The excess capacity in IT that was built up at the end of the boom seems to have been absorbed, and firms are beginning to invest again. However, part of the IT boom -- and most of it in equity markets -- was driven by pure hype and speculation, which hopefully won't return. That means that while computer and financial firms will soon be hiring young college grads again, don't expect to see them wined, dined and courted with inflated salary offers. (The recent acceleration of overseas outsourcing of white-collar jobs will also dampen demand for domestic workers, though the magnitude of the problem is as yet uncertain.)

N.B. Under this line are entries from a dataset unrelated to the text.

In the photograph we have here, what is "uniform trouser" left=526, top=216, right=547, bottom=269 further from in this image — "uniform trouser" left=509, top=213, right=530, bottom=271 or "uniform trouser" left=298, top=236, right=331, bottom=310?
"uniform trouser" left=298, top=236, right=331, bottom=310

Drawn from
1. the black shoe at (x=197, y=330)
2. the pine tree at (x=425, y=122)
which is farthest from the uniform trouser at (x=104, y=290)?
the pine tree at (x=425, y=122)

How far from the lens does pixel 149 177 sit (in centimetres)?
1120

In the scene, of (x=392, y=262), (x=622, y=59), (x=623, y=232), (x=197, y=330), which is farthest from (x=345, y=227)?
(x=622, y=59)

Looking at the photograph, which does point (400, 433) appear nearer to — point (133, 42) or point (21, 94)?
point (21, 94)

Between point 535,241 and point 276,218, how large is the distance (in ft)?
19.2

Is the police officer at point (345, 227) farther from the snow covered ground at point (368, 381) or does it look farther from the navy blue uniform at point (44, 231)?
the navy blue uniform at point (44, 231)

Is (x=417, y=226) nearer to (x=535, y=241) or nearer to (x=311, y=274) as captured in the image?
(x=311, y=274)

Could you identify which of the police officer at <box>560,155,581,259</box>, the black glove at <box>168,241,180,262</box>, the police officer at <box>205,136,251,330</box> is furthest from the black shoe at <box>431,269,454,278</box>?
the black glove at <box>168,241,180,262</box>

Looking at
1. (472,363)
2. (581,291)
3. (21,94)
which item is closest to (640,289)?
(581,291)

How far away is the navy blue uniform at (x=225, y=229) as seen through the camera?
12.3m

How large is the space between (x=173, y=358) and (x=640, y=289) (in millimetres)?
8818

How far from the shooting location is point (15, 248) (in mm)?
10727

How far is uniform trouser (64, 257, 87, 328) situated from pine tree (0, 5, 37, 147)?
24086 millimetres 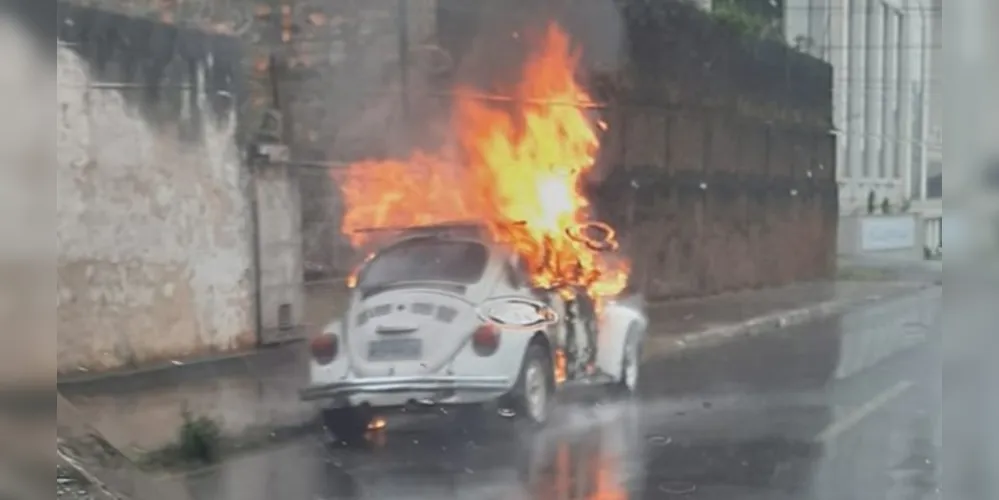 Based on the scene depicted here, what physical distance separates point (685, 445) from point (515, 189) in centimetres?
87

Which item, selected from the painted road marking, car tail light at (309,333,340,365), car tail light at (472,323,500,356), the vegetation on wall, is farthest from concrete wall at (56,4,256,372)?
the painted road marking

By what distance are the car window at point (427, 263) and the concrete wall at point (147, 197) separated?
36cm

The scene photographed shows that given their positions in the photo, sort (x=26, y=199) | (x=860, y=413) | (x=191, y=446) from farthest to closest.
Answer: (x=860, y=413)
(x=191, y=446)
(x=26, y=199)

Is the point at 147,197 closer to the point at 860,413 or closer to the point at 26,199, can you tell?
the point at 26,199

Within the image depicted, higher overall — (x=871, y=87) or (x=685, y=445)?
(x=871, y=87)

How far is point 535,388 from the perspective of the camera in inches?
126

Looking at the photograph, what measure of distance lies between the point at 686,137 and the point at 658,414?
811 millimetres

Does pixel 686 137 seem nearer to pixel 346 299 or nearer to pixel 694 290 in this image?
pixel 694 290

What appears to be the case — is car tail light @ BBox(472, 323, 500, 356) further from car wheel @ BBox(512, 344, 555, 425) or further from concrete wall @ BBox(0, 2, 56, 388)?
concrete wall @ BBox(0, 2, 56, 388)

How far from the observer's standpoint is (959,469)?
2.28 metres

Meanwhile, there will be no shortage of low-wage jobs for less advantaged young workers once the recovery picks up speed. The Bureau of Labor Statistics projects that seven out of the 10 occupations expected to add the most jobs over the next decade are low-wage, low-skill jobs: food preparation, customer service, retail sales, cashiers, clerks, security guards and waitpersons. The open question is what the quality of these jobs will be. That is, what will they pay, and will they offer any fringes? As we saw in the late 1990s, these jobs got a lot better when unemployment was extremely low and employers had to compete. For the first time in decades, not only did real wages rise in these occupations, they started to offer health care as well. When the labor market is tight, employers will share the benefits of faster productivity growth with even their lowest-wage workers. Unfortunately, the opposite is true as well.
The problem for these workers is that we won't be looking at tight labor markets for a while, maybe a long while. Even the most optimistic forecasts show unemployment stuck near 6 percent for the rest of this year, and declining only slightly by the end of 2004. That won't do it for those seeking decent low-end jobs. The lesson of the last boom is that for young, non-college-educated workers to get a leg up, the labor market needs to be at full employment, with the jobless rate closer to 4 percent than to 5 percent.
There are some policy initiatives that will help younger, less-skilled workers. A higher minimum wage helps to lift the wage floor for the lowest paid, and moderate increases have no job-loss effects. Young adults, especially young women, tend to earn at or near the minimum. At this point it's been six years since the last increase (to $5.15). That's the second-longest stretch without a raise since the Reagan years. Health care is too important for young workers and their families to leave to the market. I noted that the late 1990s led to an increase in low-wage jobs with health coverage, but even at the peak, only a third of the jobs in the bottom fifth offered health coverage.
Young workers currently face a particularly tough labor market, and the stakes for them are high. As the income analysis reveals, prevailing economic conditions at the start of their careers can have profound implications for where they end up. This has got to be a bitter pill for those starting out right now. For them, and for the rest of us, the sooner we take the "jobless" label out of this recovery, the better.